Many crime reports are available online in various blogs and Newswire. Though manual annotation of these massive reports is quite tedious for crime data analysis, it gives an overall crime scenario of all over the world. This motivates us to propose a framework for crime data analysis based on the online reports. Initially, the method extracts the crime reports and identifies named entities. The intermediate sequence of context words between every consecutive pair of named entities is termed as a crime vector that provides relationships between the entities. The feature vectors for each entity pair are generated from these crime vectors using the Word2Vec model. The paper considers three different types of named entity pairs to facilitate the major crime data analysis task, and for each type, similarity between every pair of entities is measured using respective feature vectors. For each type of named entity pair, a separate weighted graph is generated with entity pairs as vertices and similarity score between them as the weight of the corresponding edge. Then, Infomap, a graph-based clustering algorithm, is applied to obtain optimal set of clusters of entity pairs and a representative entity pair of each cluster. Each cluster is labelled by the relationship, represented by the crime vector, of its representative entity pair. In reality, all the entity pairs in a cluster may not reflect contextual similarity with their representative entity pair.
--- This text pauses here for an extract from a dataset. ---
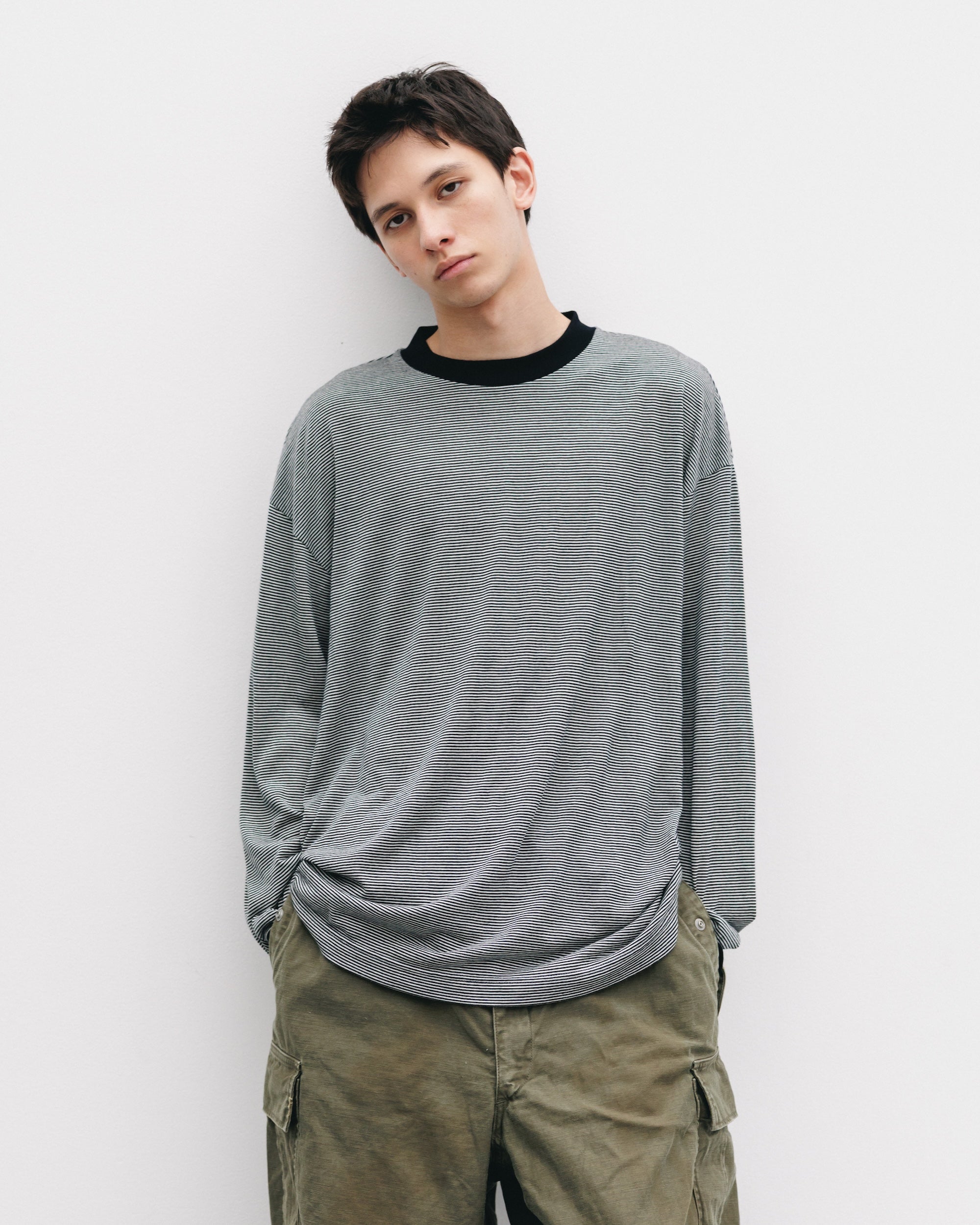 WOOL BORDER L/S T-SHIRT (BLACK×WHITE)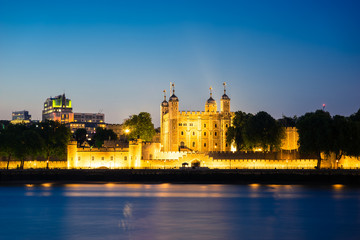 Fototapeta na wymiar Tower of London at dusk, Great Britain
So the clusters are further partitioned into subclusters based on WordNet-based path similarity measure which makes the entity pairs in each subcluster more contextually similar compared to their original cluster. These subclusters provide us various statistical crime information over the time period. The method is experimented only using the crime reports related to crime against women in India. The experimental results demonstrate the effectiveness and superiority of the method compared to others for analysing the crime data.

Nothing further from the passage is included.